Aslında film fena başlamıyor: Londra'nın dar ve işlek caddelerinde geçen hızlı takip ve aksiyon bölümü, Vaughn'ın ilk filmden aşina olduğumuz 360 derece dönen kamera hareketleri ve dar mekândaki dövüş koreografisiyle yine adrenalimizi yükseltiyor. Ama sonrasında senaryo o kadar uçuk ve absürd ki, izlediklerimizi ciddiye almak zorlaşıyor. CGI kullanımının çok bariz olduğu aksiyon sahneleri de artık daha çok bir bilgisayar oyunundan alınmış kayıtlara dönüşüyor. İlk film eski Bond filmlerini anımsatıyorsa, bu film zeka düzeyiyle maalesef daha çok Spy Kids serisine yakınlaşıyor.

FRAGMAN

Kingsman: The Golden Circle (2017) on IMDb

Benim Notum: 5,5 / 10


5 Ekim 2017

It


It ile Netflix dizisi Stranger Things arasında paralellikler kurmamak mümkün değil. İkisi de seksenlerde küçük bir Amerikan kasabasında geçiyor, ikisinde de hikayenin merkezinde bisikletleriyle dolaşan bir grup dışlanmış ve zorbalığa maruz kalmış çocuk var, ikisinde de bir kız sonradan gruba katılıyor, ve elbette ikisinde de başka bir boyuttan gelen bir yaratık etrafa dehşet saçıyor.
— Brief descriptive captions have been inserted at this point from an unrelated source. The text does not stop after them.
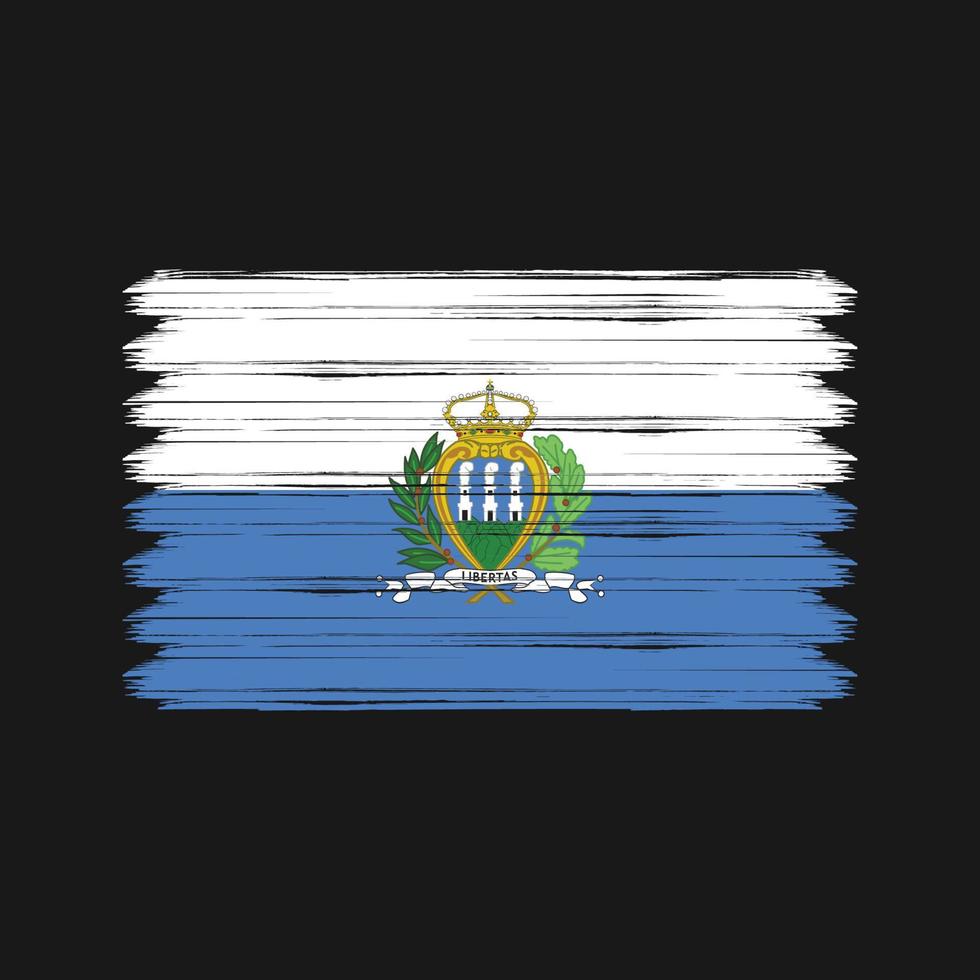 trazos de pincel de la bandera de san marino. bandera nacional vector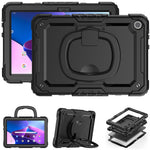 For Lenovo Tab M10 (Gen 3) TB-328FU / TB-328XU PC + Silicone Tablet Cover 360-Degree Rotating Kickstand Anti-drop Case with Shoulder Strap
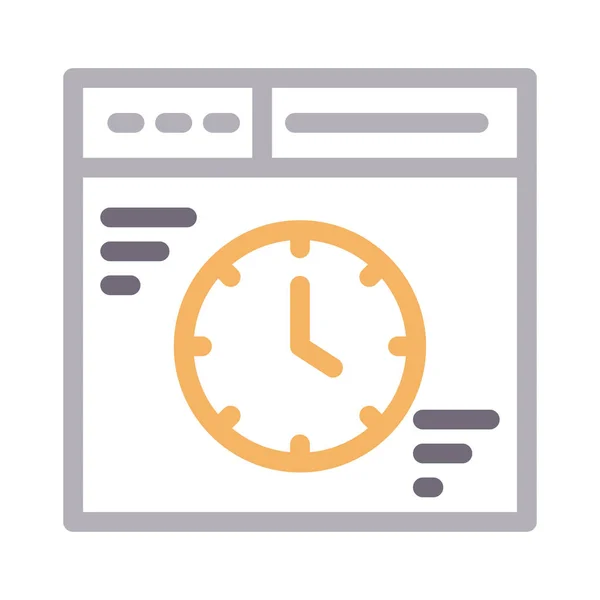 Clock Vector Flat Line Icon — Stock Vector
Üstüne üstlük çocuklardan birinin (Finn Wolfhard) iki yapımda da oynaması benzerlik duygusunu daha da arttırıyor. Ama bizim sinemalarda şimdi izlediğimiz It filmi için "Stranger Things'den esinlenmiş" demek haksızlık olur, çünkü aslında It korku romanları yazarı Stephen King'in ta 86'da yazdığı bir eser. Yani aslında "meğer televizyon dizisi Stranger Things birçok fikri o romandan apartmışmış" demek daha doğru bir tespit.

Derry kasabasında bir grup çocuğun, palyaço kılığındaki kötü bir ruha karşı verdikleri mücadeleyi anlatan It elbette Stranger Things'in daha korkunç bir versiyonu. Arjantinli yönetmen Andy Muschietti, bu korku klasiğini romandan beyazperdeye uyarlarken, Stephen King hayranlarını tatmin edecek bir sonuç almayı başarmış. Ben şiddet dozunu beklediğimden daha fazla buldum. Bir Hollywood kuralıdır, özellikle çocukların ön planda olduğu sahnelerde şiddet seviyesi belli bir sınırda tutulur. Ama daha açılışta canavar ruhlu palyaço Pennywise altı yaşındaki küçük Georgie'nin kolunu kopardığında, filmin bu kuralı pek umursamadığını anlıyoruz. İyi çekilmiş korku sahneleri bir yana, yönetmen Muschietti bence çocukların dünyasını ve aralarındaki ilişkileri anlatırken daha iyi bir iş çıkarıyor. Ve o 13 yaş gençliği tasviri filmin asıl güçlü yanı haline geliyor.

Sondaki final kapışması biraz fazla uzatılmış ve gereksiz tekrarlara düşülmüş olsa da, It iyi çekilmiş, iyi kurgulanmış, dengeli bir mizah duygusu da içeren etkili bir Stephen King uyarlaması.